ISSN 0439-755X
CN 11-1911/B
主办:中国心理学会
   中国科学院心理研究所
出版:科学出版社

心理学报 ›› 2011, Vol. 43 ›› Issue (07): 771-783.

• • 上一篇    下一篇

中-英双语者语言理解中非加工语言的自动激活

王瑞明;邓汉深;李俊杰;李利;范梦   

  1. (1 华南师范大学心理应用研究中心; 2华南师范大学国际文化学院, 广州 510631)
  • 收稿日期:2010-08-09 修回日期:1900-01-01 发布日期:2011-07-30 出版日期:2011-07-30
  • 通讯作者: 王瑞明

The Activation of Non-attended Language in Language Comprehension of Chinese-English Bilinguals

WANG Rui-Ming;DENG Han-Shen;LI Jun-Jie;LI Li;FAN Meng   

  1. (1 Center for Studies of Psychological Application;
    2 College of International Culture, South China Normal University, Guangzhou 510631, China)
  • Received:2010-08-09 Revised:1900-01-01 Online:2011-07-30 Published:2011-07-30
  • Contact: WANG Rui-Ming

摘要: 采用长时重复启动范式探讨母语为汉语的中-英双语者语言理解中非加工语言的激活状况。实验1和实验2使用词汇判断任务, 实验3和实验4使用概念判断任务。在每个实验的第一个小实验中, 非加工语言是英文, 在每个实验的第二个小实验中, 非加工语言是中文。实验1和实验3探讨学习阶段的非加工词在测验阶段呈现时能否出现长时重复启动效应, 从而检验双语者语言理解中非加工语言有没有自动激活; 实验2和实验4探讨学习阶段的非加工词在测验阶段以翻译对等词呈现时能否出现长时重复启动效应, 从而检验双语者语言理解中非加工语言的语义有没有自动激活。总的实验结果表明, 母语为汉语的中-英双语者在语言理解过程中, 加工一种语言(目标语言)时, 非加工语言(要求被试忽略的另一种语言)会自动激活, 但在词汇任务情境中, 非加工语言只在词汇层面上激活, 其语义不会自动激活, 而在概念任务情境中, 非加工语言的词汇层面和语义层面都会自动激活。

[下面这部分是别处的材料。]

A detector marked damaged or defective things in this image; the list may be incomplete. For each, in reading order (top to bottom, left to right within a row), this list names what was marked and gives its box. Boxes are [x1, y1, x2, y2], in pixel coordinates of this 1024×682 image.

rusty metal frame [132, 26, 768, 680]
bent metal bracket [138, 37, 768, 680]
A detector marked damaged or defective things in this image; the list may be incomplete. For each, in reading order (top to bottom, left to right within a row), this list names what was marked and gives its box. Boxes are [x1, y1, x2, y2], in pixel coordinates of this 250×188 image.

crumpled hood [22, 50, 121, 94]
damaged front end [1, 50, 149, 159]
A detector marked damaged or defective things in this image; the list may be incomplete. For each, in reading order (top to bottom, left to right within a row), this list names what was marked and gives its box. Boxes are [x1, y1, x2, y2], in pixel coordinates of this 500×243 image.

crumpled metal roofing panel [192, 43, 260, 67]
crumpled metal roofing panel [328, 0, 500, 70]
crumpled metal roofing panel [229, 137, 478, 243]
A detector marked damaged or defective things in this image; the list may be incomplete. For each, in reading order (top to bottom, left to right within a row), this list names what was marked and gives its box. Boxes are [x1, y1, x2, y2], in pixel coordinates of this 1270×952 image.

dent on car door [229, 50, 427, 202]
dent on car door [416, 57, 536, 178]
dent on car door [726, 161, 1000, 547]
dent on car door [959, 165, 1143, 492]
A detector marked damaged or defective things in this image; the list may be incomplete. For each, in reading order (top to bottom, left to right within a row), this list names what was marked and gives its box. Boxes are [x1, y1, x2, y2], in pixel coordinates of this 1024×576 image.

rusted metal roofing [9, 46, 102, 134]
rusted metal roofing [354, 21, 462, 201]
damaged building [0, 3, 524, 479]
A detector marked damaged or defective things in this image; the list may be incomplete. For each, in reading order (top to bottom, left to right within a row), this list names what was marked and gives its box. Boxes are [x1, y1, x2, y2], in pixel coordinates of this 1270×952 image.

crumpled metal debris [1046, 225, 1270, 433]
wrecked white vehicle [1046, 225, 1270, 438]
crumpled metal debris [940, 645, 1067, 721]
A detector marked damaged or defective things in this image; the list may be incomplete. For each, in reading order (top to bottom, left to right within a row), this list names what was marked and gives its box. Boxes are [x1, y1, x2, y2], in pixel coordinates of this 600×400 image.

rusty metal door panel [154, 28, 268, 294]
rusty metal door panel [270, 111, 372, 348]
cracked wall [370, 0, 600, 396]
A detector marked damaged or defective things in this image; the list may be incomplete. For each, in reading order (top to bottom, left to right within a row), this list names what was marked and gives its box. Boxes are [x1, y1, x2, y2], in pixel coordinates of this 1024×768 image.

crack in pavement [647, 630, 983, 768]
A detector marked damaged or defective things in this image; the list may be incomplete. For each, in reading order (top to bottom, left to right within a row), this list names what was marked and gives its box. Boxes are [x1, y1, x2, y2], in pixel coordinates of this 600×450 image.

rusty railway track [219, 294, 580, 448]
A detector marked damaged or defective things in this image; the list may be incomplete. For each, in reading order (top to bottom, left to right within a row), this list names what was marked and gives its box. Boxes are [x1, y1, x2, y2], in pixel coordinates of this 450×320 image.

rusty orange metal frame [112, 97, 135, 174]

关键词: 双语者, 语言理解, 非加工语言, 长时重复启动效应, 激活

Abstract: Bilingual individuals manage to understand one of their languages without apparent interference from the other. How, then, do bilinguals avoid the language interference and maintain their focus on the target language? Existent studies have provided inconsistent data about the activation of two languages with explicit task paradigms. Although most prominent theories of bilingualism assume that mental representation of languages include a lexical level and a conceptual level, the notion of activation is ill-defined and it is unclear to what extent the words from the non-attended language are processed for bilinguals. Therefore, this study was designed to further investigate the activation of non-attended language in language comprehension with innovative paradigms and different tasks-the lexical decision task and the conceptual decision task.
Two hundred students majoring in English at South China Normal University participated in the study and were randomly divided into different experiments. All participants in the present experiments were Chinese natives, and for whom English was their second language. Each experiment consisted of a study block and a test block. In the study block, Chinese and English words presented one at a time randomly, and bilingual participants were instructed to make a lexical decision (Experiment 1 and 2) or a concept decision (Experiment 3 and 4) only to one language (target language) while ignoring the other language (non-attended language). Study status (studied vs. unstudied) was manipulated in the test block. The same-language repetition priming was used in Experiment 1 and 3, which non-attended language words presented in the study block were repeated in the test block. The cross-language repetition priming condition was used in Experiment 2 and 4, which non-attened language words were presented in the study block and their translation equivalents were presented in the test block. The response times and accurate rates were recorded.
In experiment 1 and 3, the response times of the words studied were significantly faster than those of the words unstudied in the test block whether the non-attended language was English (experiment1a and 3a) or Chinese (experiment 1b and 3b). But in experiment 2, we did not find any cross-language repetition priming effect with lexical decision tasks, and in experiment 4, we found cross-language repetition priming effect with conceptual decision tasks. The results revealed that even proficient Chinese-English bilinguals were asked to orient their attention to only one language in the language comprehension, the non-attened language was still automatically activated. But in low-level lexical decision tasks, the non-attended target language was just activated on lexical level but not on concept level. In high-level conceptual decision tasks, the non-attended language was not only active on lexical level but also on concept level.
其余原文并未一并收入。